Répondant aux dires des intimés et à l'analyse du docteur [U], expert amiable que s'étaient adjoint les vétérinaires de la SELARL LES 3 CLINIQUES, le docteur [K] conviendra (page 10 et 11/23 de son rapport de mars 2016) que : « si entre chaque crise de coliques, l'étalon s'est bien remis, ce qui laissait supposer que la pathologie pouvait s'arranger ; par contre, après le 20 décembre 2013, le diagnostic d'adhérences du mésentère voire du grêle, ajouté à la menace de hernie pouvant s'étrangler à tout moment, ne permettait pas de différer plus longtemps la chirurgie. » Il ajoute que si l'opération pouvait à la limite, être repoussée au 6 janvier 2014 en accord avec le docteur [E], le report n'était plus envisageable au-delà, dès lors que la réévaluation de ce jour montrait par palpation transrectale une adhérence et un engagement d'une portion d'intestin dans le trajet inguinal. Reprenant l'ensemble des déclarations des vétérinaires devant lui, le docteur [K] relevait que ce problème semblait avoir déjà été détecté dès décembre 2013 confirmé par échographie le 6 janvier 2014. Il précise que pour lui, le docteur [C] qui écrivait en décembre 2013 que « la palpation rectale et l'échographie m'ont permis de mettre en évidence une adhérence du mésentère de l'iléon sur la zone inguinale du côté droit », avait déjà constaté l'existence d'une hernie.
Le dossier médical de l'étalon, tenu chez le docteur [E], rapporte la conversation téléphonique avec le docteur [C] en date du 20 décembre 2013 comme suit :
« - échographie : adhérence de l'intestin grêle au niveau de l'anneau inguinal droit (...)
- une nouvelle intervention chirurgicale est à envisager, début janvier ' »
Pour l'expert [K], ces éléments factuels montrent qu'il y avait bien dès décembre 2013 des adhérences du mésentère voire du grêle lui même. Même, s'il reconnaît que la clinique du cheval n'était pas en faveur avant le 10 janvier 2014 d'une hernie grave ou en voie d'étranglement, le souci des docteurs [C] et [M] d'attendre, eu égard à la lourdeur de l'opération précédente d'une part, et au souhait d'être à deux pour opérer d'autre part, ne pouvait occulter le fait que le risque était patent eu égard au probable diagnostic de hernie inguinale et était inconciliable avec un report et une programmation de l'opération au 15 janvier 2014 (le docteur [M] était absent du 21 décembre au 14 janvier 2014). Pour le docteur [K], l'opération aurait dû intervenir immédiatement le 20 décembre 2013, M. [M] reconnaissant devant l'expert : « on voyait clairement sur l'écho une anse digestive engagée dans l'anneau inguinal profond » (p 18 du rapport), et à tout le moins le 6 janvier 2014.

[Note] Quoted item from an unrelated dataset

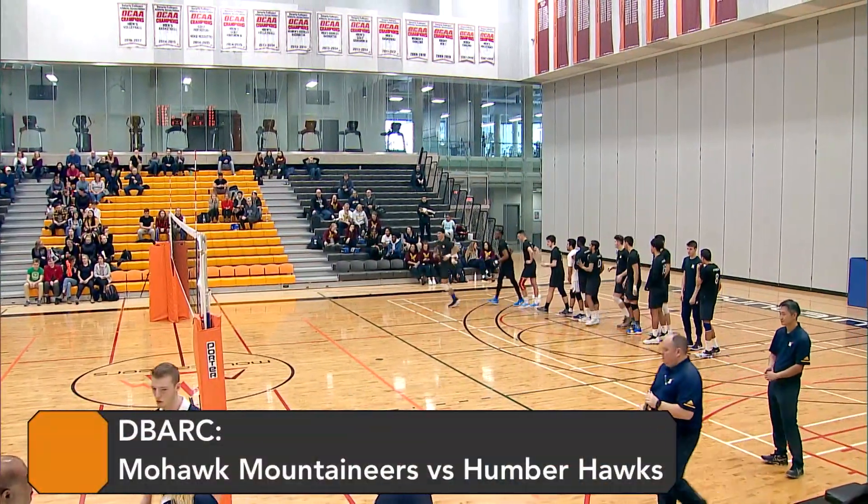Welcome, everyone. Welcome, everybody to the DeBarc here at Mohawk College's Fennel Campus. My name is Chris Bodanus. I'm going to be doing the commentary today for the men's game. Sure to be an action-packed game. We've got the Mohawk Mountaineers versus the Humber Hawks. We'll be starting the game very shortly. Stay tuned for some volleyball action.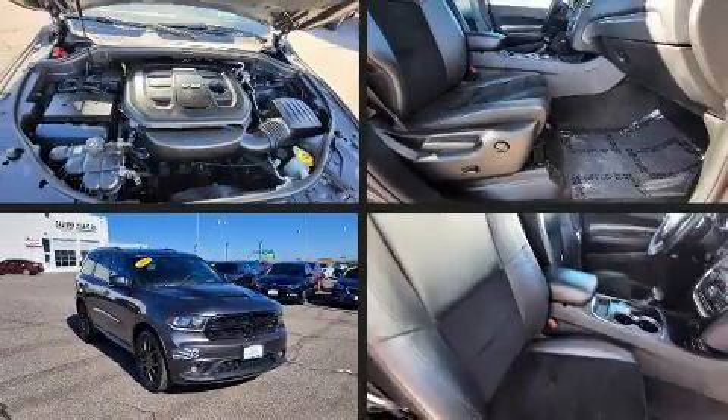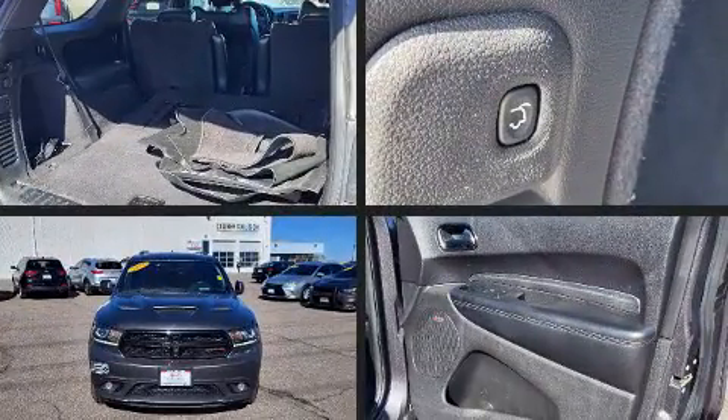You can expect a lot from the 2018 Dodge Durango. It features an automatic transmission, all-wheel drive, and a refined six-cylinder engine.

Dans le rapport d'expertise complémentaire, le sapiteur, le docteur [P], se montrera plus sévère à l'égard de ses confrères. Il précisera en réponse à la question de savoir si la gestion des « adhérences » responsables de coliques à répétition, voire celle de l'éventuelle hernie inguinale évoluant progressivement en hernie étranglée, avait été correcte, tant du point de vue des techniques chirurgicales possibles, que du « timing » de l'intervention :
« Non, il est clair que c'est toujours le point majeur de cette affaire. (...) la réévaluation complète de [Y] [O] aurait dû se produire bien avant le 20 décembre 2013. Il semble que l'information entre les cliniques de la [Localité 9] et [Localité 14] avait du mal à circuler. La gestion conservatrice/médicale de l'adhérence intestinale, si elle est recommandée dans un premier temps pour voir si l'animal peut « vivre avec », a été proposée pendant 3 semaines. Les résultats obtenus sont plus que décevants (coliques presque journalières avec besoin de traitement d'AINS par voie intraveineuse presque systématique) ; ils auraient dû faire comprendre aux Drs. [C]/[M] que de continuer sur cette voie allait mener [Y] [O] « au naufrage », car une option chirurgicale réelle existait. Une fois la confirmation du diagnostic d'adhérence intestinale le 20 décembre 2013 faite, l'attente interminable jusqu'à ce que le cheval soit à bout après 1.5 mois de maladie et de souffrance importante est à mes yeux inexcusable. Les prétextes avancés pour reporter à de multiples reprises cette intervention chirurgicale qui aurait pu être salvatrice ne sont pas acceptables » (p 52/73 rapport sapiteur).
Les intimés soutiennent en tout état de cause que la mort de l'étalon est due à une insuffisance rénale chronique. Répondant sur ce point, l'expert et le sapiteur s'accordent à souligner que l'animal était en bonne santé, qu'aucune pathologie n'avait été relevée ; « qu'excepté la phase post opératoire immédiate qui a suivi la chirurgie de cryptorchidie, le cheval n'avait pas eu d'autre élévation de la créatine ayant pu laisser soupçonner une pathologie rénale chronique. L'insuffisance relevée était aigüe et liée à la situation ». La cour considère que l'existence d'une telle pathologie n'est pas rapportée et ne peut être retenue comme cause dans la mort du cheval.
Au contraire, les expertises ont montré que [Y] [O] est mort à la suite d'un manquement dans les soins post-opératoires. Il s'agit là d'un manquement à l'obligation de moyens qui n'a pas été respectée. La responsabilité des docteurs [M] et [C] sera retenue et le jugement frappé d'appel qui a analysé justement les fautes reprochées sera entériné.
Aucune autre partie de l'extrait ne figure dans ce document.